Las haciendas de Yucatán son lugares rebosantes de historia y de cultura, su propia arquitectura es testimonio de ello. A continuación realizamos un breve recorrido de algunos de estos mágicos lugares.

En numerosas partes de México los edificios que se han construido a lo largo de los siglos se han escrito sobre la misma página que otros asentamientos pretéritos. A menudo los nuevos constructores han echado mano de los mismos materiales y han heredado las mismas soluciones arquitectónicas que sus ancestros, adaptándolas a sus propios gustos y necesidades. En la capital del país, por ejemplo, los hallazgos arqueológicos nos han revelado una ciudad construida sobre los despojos de otra. Lo mismo ocurre con numerosas haciendas de Yucatán: las construcciones que conforman su conjunto habitacional y productivo se levantaron sobre otras variantes constructivas anteriores. La hacienda henequenera se construyó y perfeccionó sobre la que primero fue la arquitectura colonial y antes había sido asiento del esplendor maya. 

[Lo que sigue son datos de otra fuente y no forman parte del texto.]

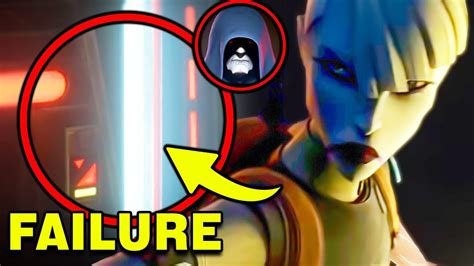 How Asajj Ventress Came Back To Life In Bad Batch Season 3 YouTube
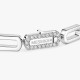 Браслет Messika 13790-WG Imperial Move half pavé 
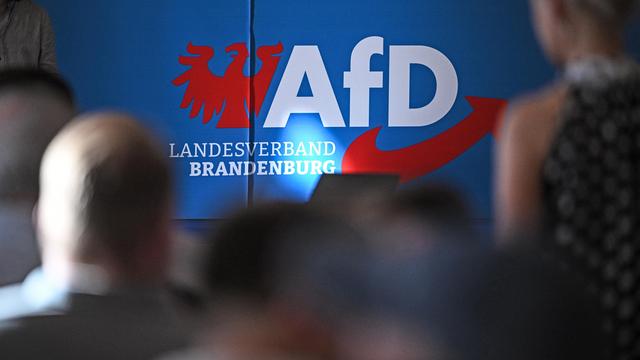 Verfassungsschutz: AfD Brandenburg klagt gegen Einstufung als rechtsextremistisch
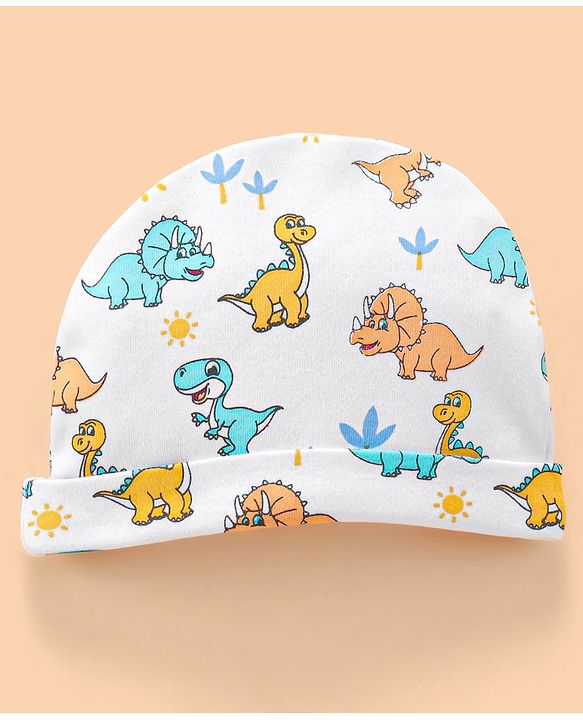 Babyhug 100 % Cotton Baby Gift Set Animal Print - Pack of 7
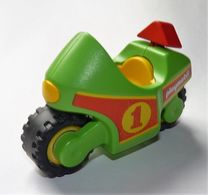 PLAYMOBIL GEOBRA 1993 MOTO - Playmobil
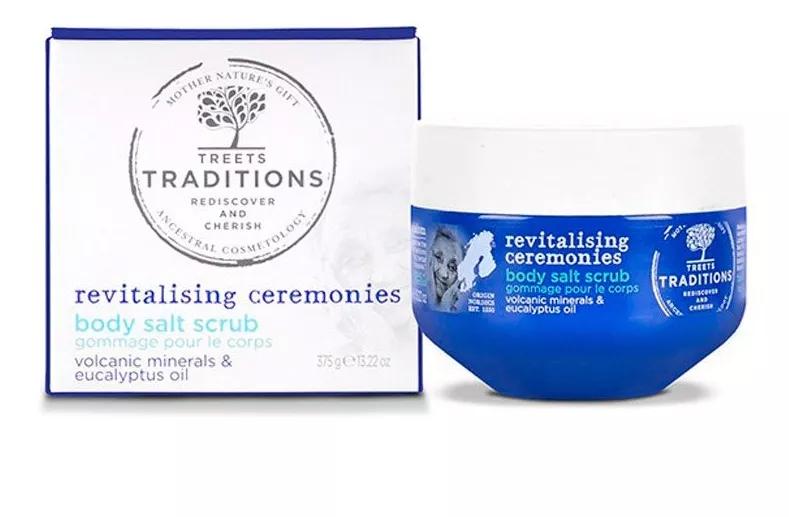 Treets Exfoliante Corporal Sal Traditions 375gr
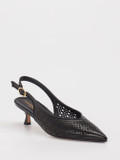 Konstantin Starke – Slingback-Pumps aus Veloursleder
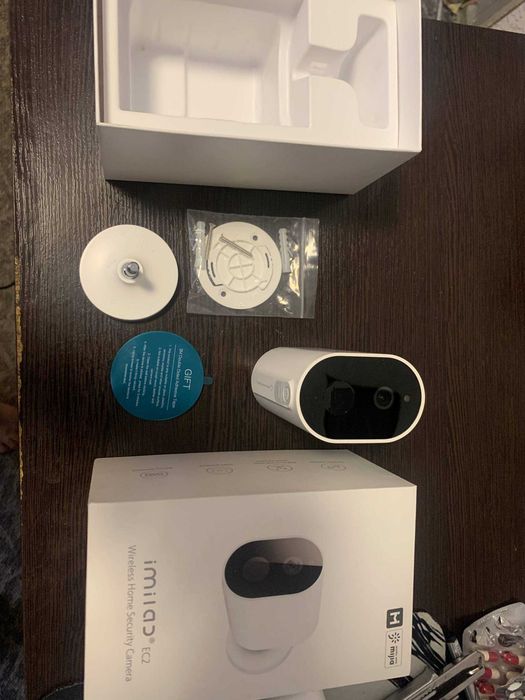 IP камера IMILAB EC2 (Wi-Fi наблюдение, умная камера)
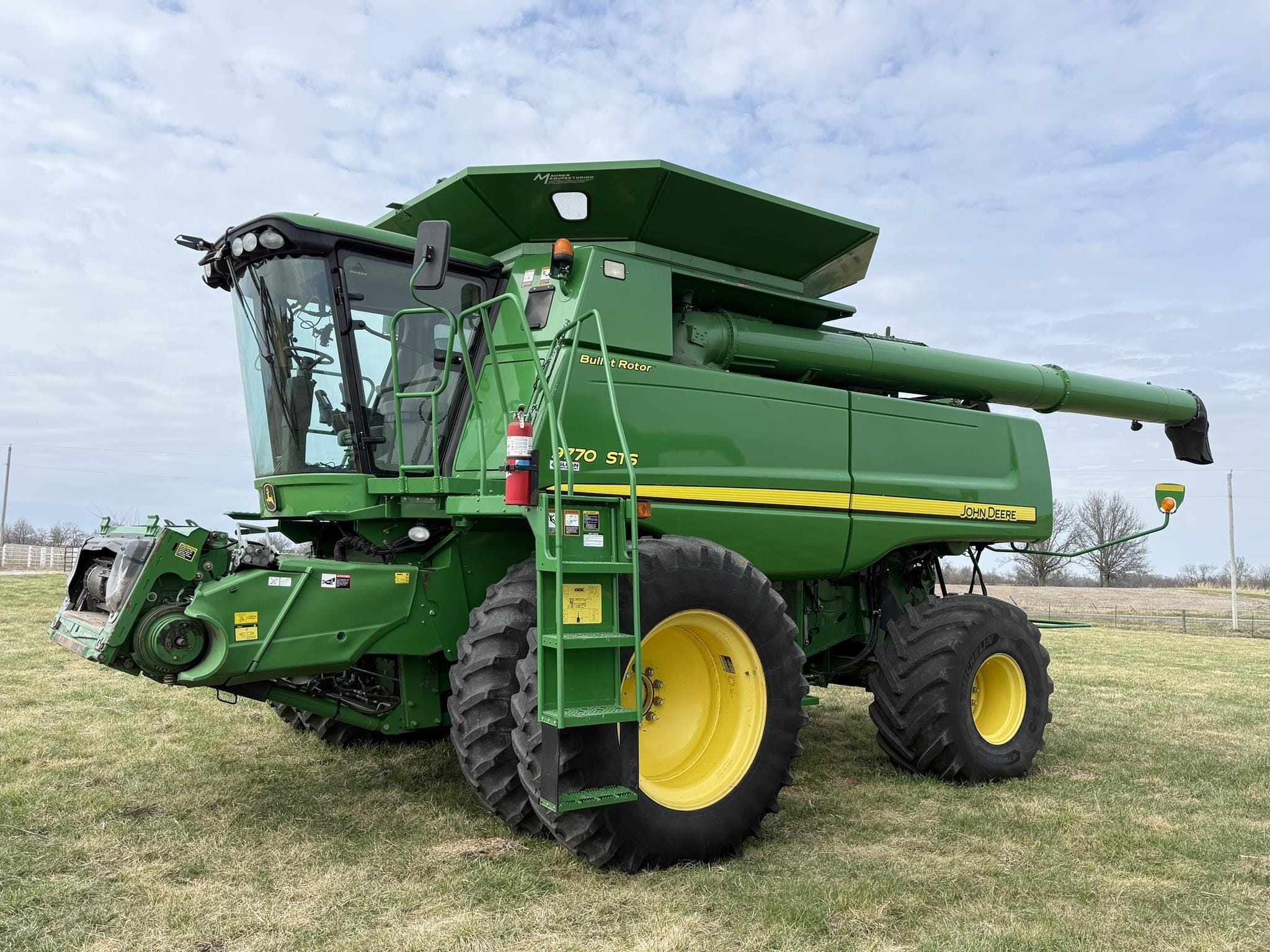 2011 John Deere 9770 STS Equipment Image0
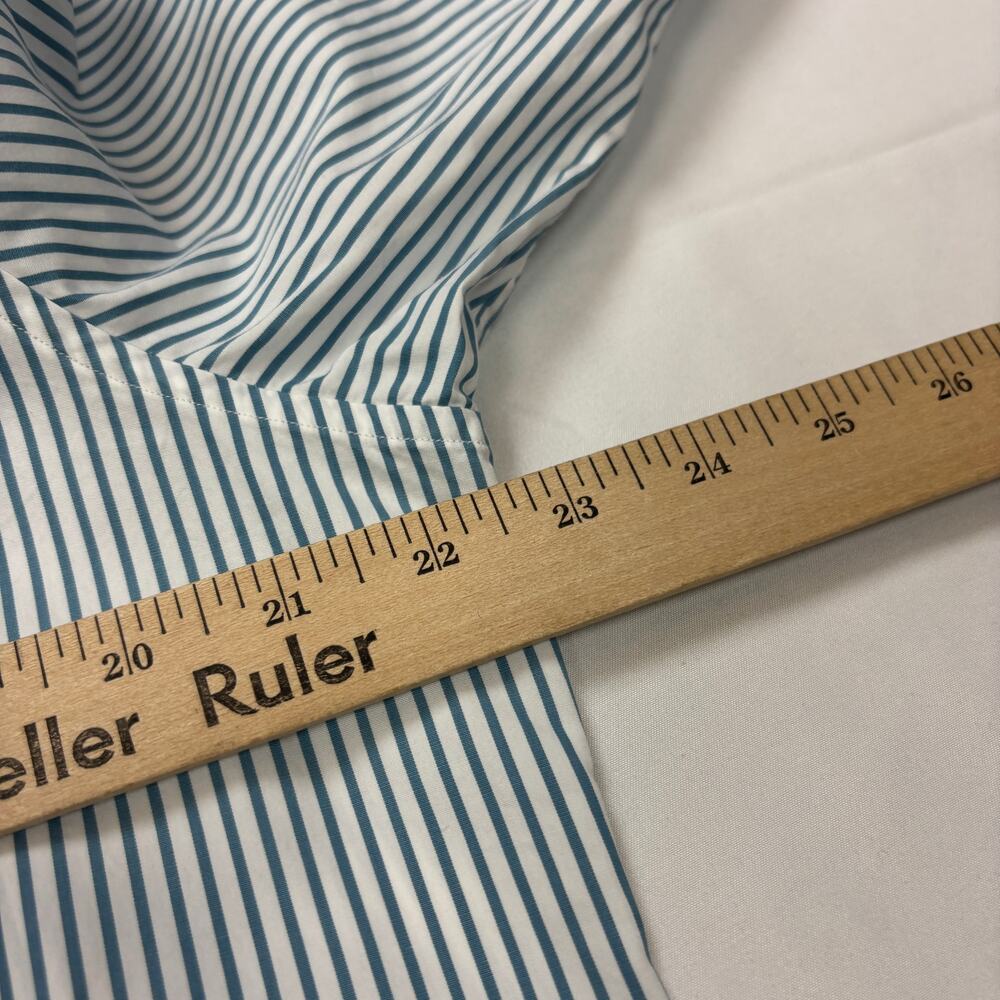 Sid Mashburn Spread Collar Striped Button Down Sh… - image 5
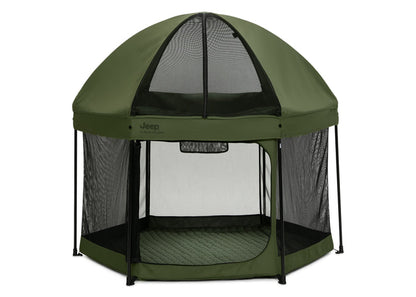 Black with Olive Green (2182)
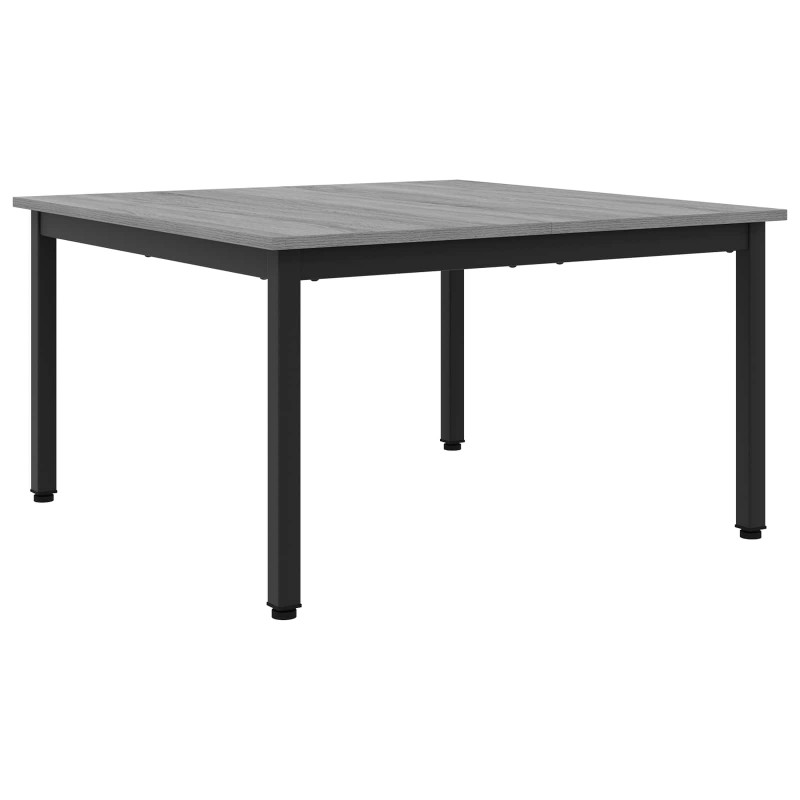 Stolik kawowy Szary Sonoma 80 x 80 x 45 cm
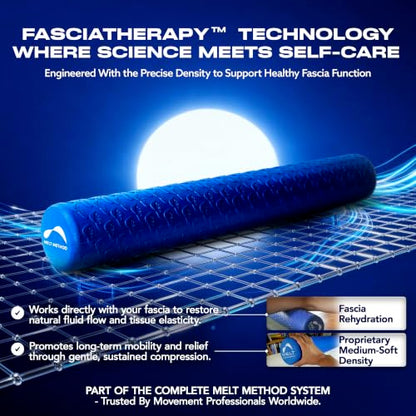 Melt 36-Inch Soft Foam Roller Myofascial Release Physical Therapy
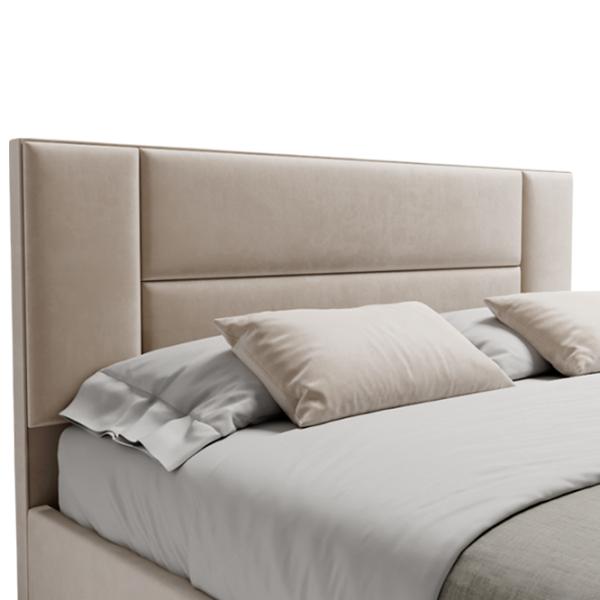 Кровать My-Style my-Emma 180 x 200 см / Фанера / Светло Серый photo 3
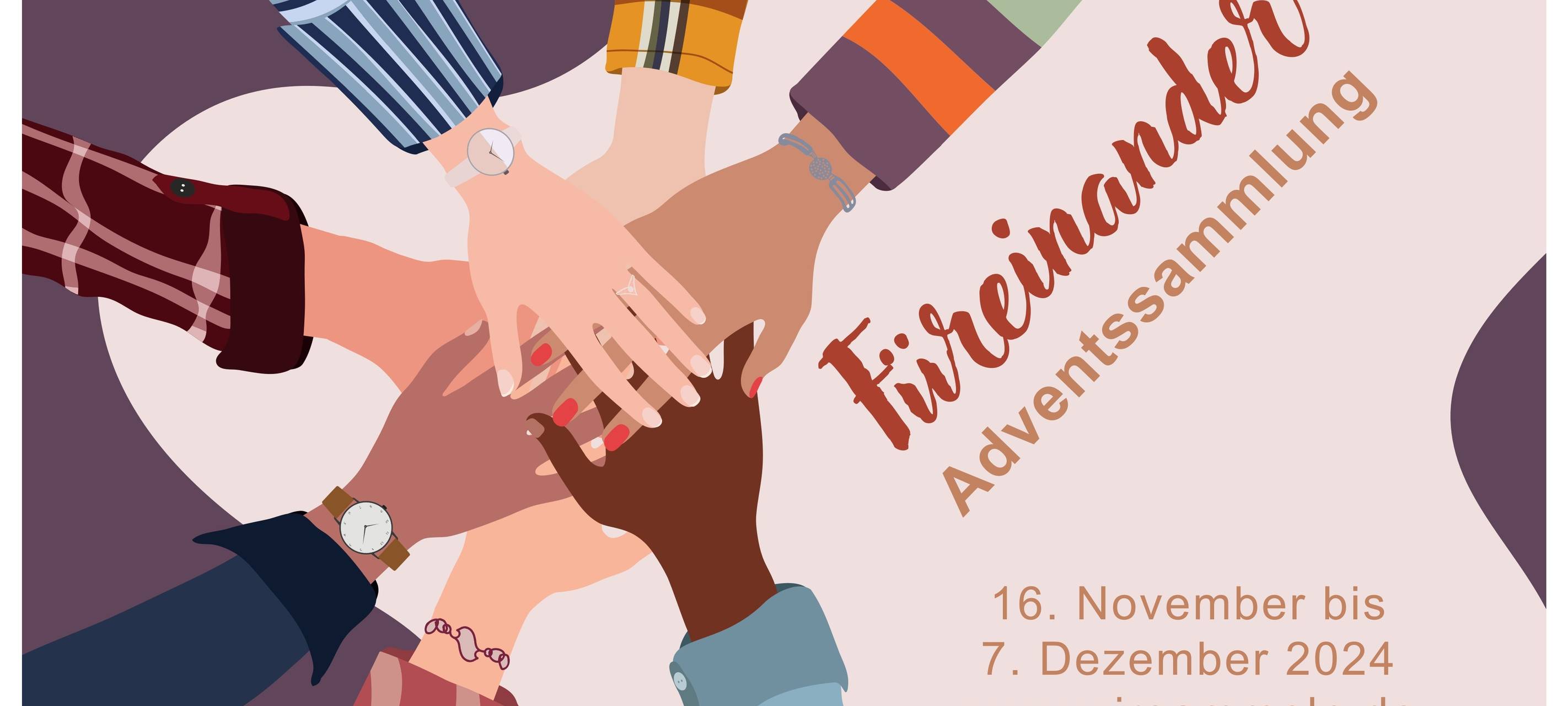 Adventssammlung der Diakonie startet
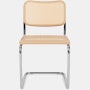 Cesca Chair in Natural Beech cane and chrome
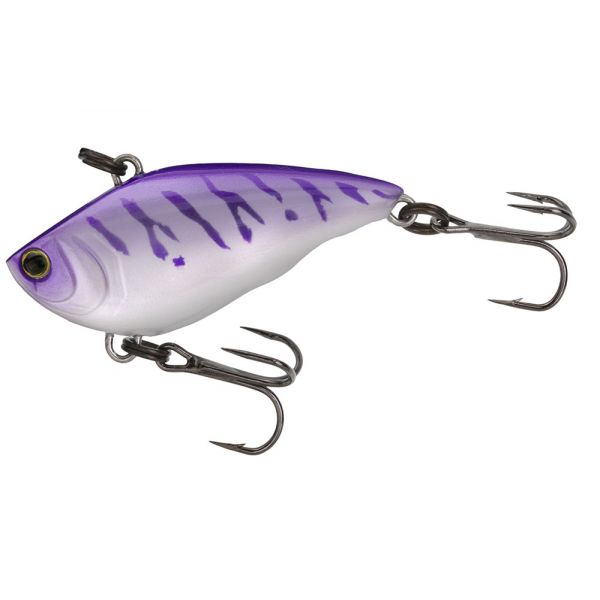 Yo-Zuri R1354 Rattl'n Vibe Mini Lure - UV Purple Tiger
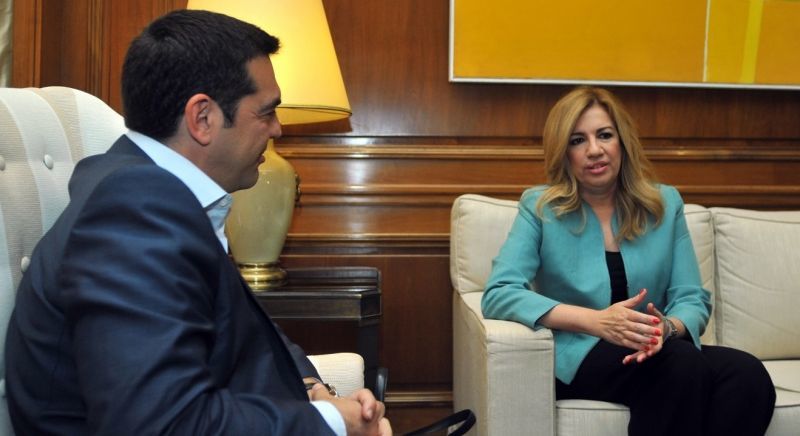 Συμβούλιο πολιτικών αρχηγών-Γεννηματά: «Δεν μπορεί να σχεδιάσει τίποτα η κυβέρνηση;»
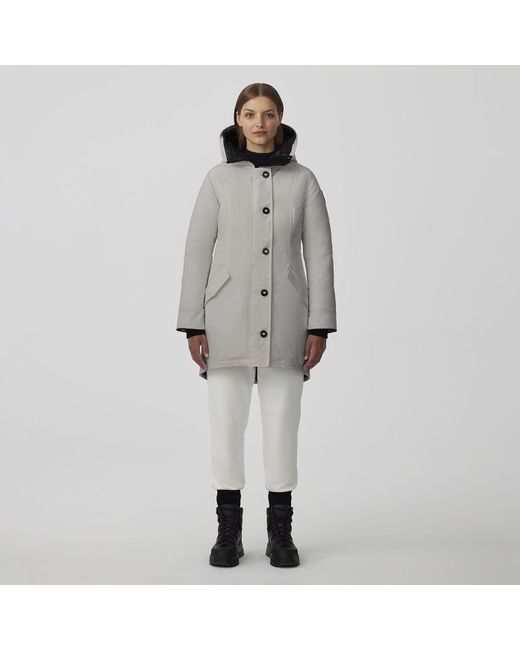 Canada Goose Gray Rossclair Parka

En la hacienda henequenera se repiten algunas soluciones básicas de la antigüedad, por efectivas, por longevas, y entretanto se aplican otras influencias, otros materiales, de acuerdo a los gustos y las modificaciones de la vida que los siglos traen consigo. Esto lo podemos ver por todos lados en las haciendas, que son un palimpsesto de granito y piedra caliza, un paraíso para los arquitectos y restauradores; un signo de interrogación para los historiadores, amantes de archivos; y un mundo de posibilidades para los escritores y cronistas: ¿cuántas historias, cuántas vidas, cuántos triunfos y derrotas se sostienen entre las trabes de un muro apuntalado hasta el cansancio?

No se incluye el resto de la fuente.